Discussion about future direction for this project

Since there is a time constraint on this project and the deadline is approaching, there is no more time for any more, or any deeper analysis of the assembled genome of the ETEC p7 bacteriophage. This post will summarize the additional analysis and recommendations of approach for the further characterization of this genome.

The genes that were found through Glimmer and characterized through homology search can be further characterized by using for example BLASTP to compare the protein sequences with the protein sequences of other phage to get a sense of similarities and novelty of the proteins between ETEC p7 and other phage species.

Further characterization of the genome is also needed. We made a preliminary prediction of the position of the ORFs and genes. But Glimmer and ORFfinder made somewhat different predictions about the positions of each gene and it remains to investigate the exact positions of every gene and ORF. One way of doing this would be to find the promoters, Shine-Dalgarno sequences and transcriptional terminators. Finding these elements should make it possible to assess if the positions of the genes are correct or if they need to be adjusted.

We made an attempt of searching for promoters in the genome. But using three different softwares for this gave three completely different results.
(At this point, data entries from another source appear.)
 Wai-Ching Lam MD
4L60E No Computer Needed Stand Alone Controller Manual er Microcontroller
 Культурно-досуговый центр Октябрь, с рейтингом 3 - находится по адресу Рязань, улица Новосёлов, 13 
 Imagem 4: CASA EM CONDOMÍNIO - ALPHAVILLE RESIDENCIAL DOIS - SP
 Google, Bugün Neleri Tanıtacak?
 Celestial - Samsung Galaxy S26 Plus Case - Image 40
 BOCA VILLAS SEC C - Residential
It turned out searching for promoters is difficult and can be time consuming. Promoters of viruses are either the same as the host promoters or very closely related (so that the RNA polymerase of the host will bind with the promoters of the virus). But the promoters can also be specific to the virus. The approach to finding the promoters are thus to find the sequences of the promoters of the bacterial host. If the exact sequence of the promoter is not found mismatches can be allowed. If the promoters are specific to the virus it will become very difficult to find the promoters, but one approach is to look for UTR regions of the genome.
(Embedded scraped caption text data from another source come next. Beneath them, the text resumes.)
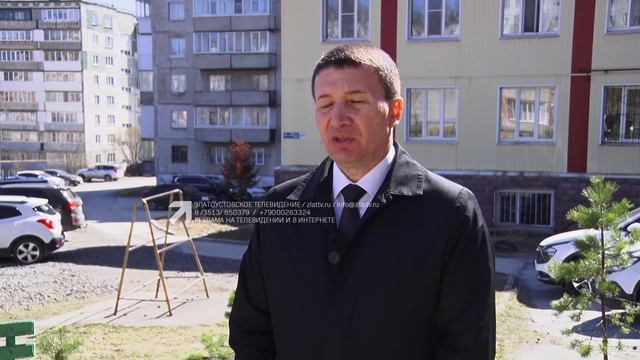 С 1 апреля идет прием заявок на присуждение знака «Общественное признание»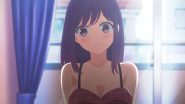 Image d41d8cd98f00b204e9800998ecf8427e-8027-episode-5-season-1.jpg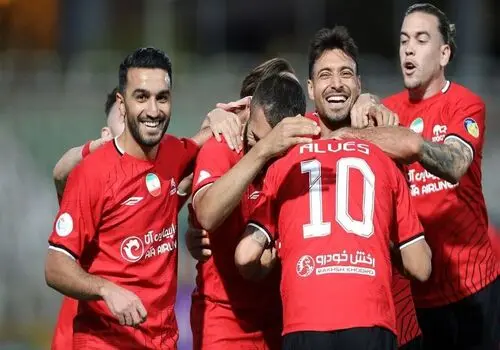 پیش‌بینی قهرمان لیگ برتر توسط این استقلالی 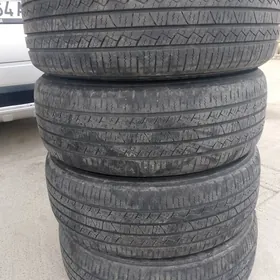 225.60.17 Super Hilo teker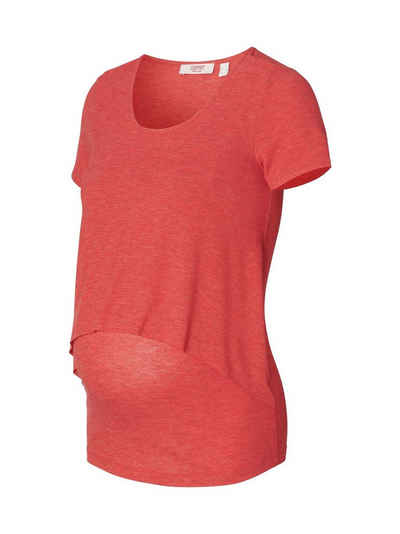 ESPRIT maternity Umstandsshirt T-Shirts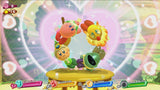 Kirby Star Allies Switch Uk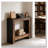 Modern Sofa Table,Console Table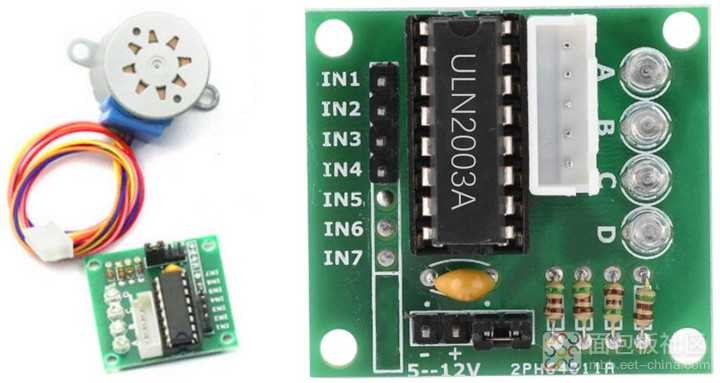 ULN2003_module_large.jpg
We also made an attempt of finding the transcriptional terminators, but the number of promoters was not even close of matching the number of terminators. Thus, a lot more time and effort is needed into elucidating promoter, Shine-Dalgarno and terminator sequences of this genome.
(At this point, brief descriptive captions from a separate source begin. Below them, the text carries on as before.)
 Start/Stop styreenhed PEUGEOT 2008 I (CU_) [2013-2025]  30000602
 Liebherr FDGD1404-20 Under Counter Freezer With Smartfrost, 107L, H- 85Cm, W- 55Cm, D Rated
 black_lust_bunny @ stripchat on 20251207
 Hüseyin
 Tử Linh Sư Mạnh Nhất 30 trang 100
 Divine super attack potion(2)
The larger intergenic gaps should be further investigated for ORFs that might have been missed by Glimmer. For example by homology searches  by BLASTX or searching in databases over unfinished microbial genomes. There is a large gap from about 16300 to about 17600 that could potentially hold more ORFs.

As ETEC p7 has a genome consisting of double stranded DNA it belongs to the order of Caudovirales, but we have not been able to gain any definitive information about which family it belongs to. Our best guess at the moment is that it belongs to the family of podoviridae, since some of the apparently closests relatives of ETEC p7, like SU10 and phiEco32 are podoviridae. For the same reason we suspect that ETEC p7 has C3 morphology. But considering the fast evolution of bacteriophages and their ability to acquire DNA horizontally from both other phages and from their hosts, genomes of phages are mosaics and it is nog possible to just rely on close relationships according to homology searches. To be able to get a definitive answer studies of the structural proteins of the virion need to be conducted with different types of electron microscopes, so that visual assessments can be made. Furthermore, predicting secondary structures of the scaffolding proteins can also give clues to the morphology of the bacteriophages, as described in the paper by Mirzaei et al. Predicting secondary structure of protein sequences can be done with for example PSIPRED and JPred.

And lastly, a phylogenetic analyses needs to be conducted. For this it is necessary to have knowledge what features of the phages that scientist use to make the phylogenetic trees of phages. With very basic knowledge about this it seems that the most important features are scaffolding proteins and head proteins that has to be considered. This means that a study needs to be conducted where these structural proteins of ETEC p7 are compared to the same structural proteins of other bacteriophages.

A clarification about the bacteriophage species

There has been some confusion about the species of the bacteriophage genome that we are working on that needs to be clarified. The genome we were assigned was supposed to belong to a Enterotoxigenic Escherichia coli (ETEC) p7 bacteriophage. This made me believe that this phage was a bacteriophage P7, which is a myoviridae.

When BLASTing the genome that was assembled against the NCBI database the results showed that the Phage vB_EcoP_SU10 (SU10) had the closets identity (90%) with our assigned phage genome. The SU10 is closely related to podoviridae (according to professor Nilsson). Also PhageTerm classified the genome as belonging to a bacteriophage T7, which is a podoviridae. This was the source of the confusion since I believed our assigned phage genome should belong to a myoviridae, but all the analysis showed that it was closer to, or even belonged to a podoviridae.

After clarification from professor Nilsson it turns out a ETEC p7 is not the same phage as a bacteriophage P7. ETEC p7 has a distant relationship to podovirdae (according to professor Nilsson). This should explain why the softwares placed ETEC p7 in relationship with podovirdae. So it seems we are on the right track.

Next up is to try and predict coding sequences of the ETEC p7 genome with Glimmer.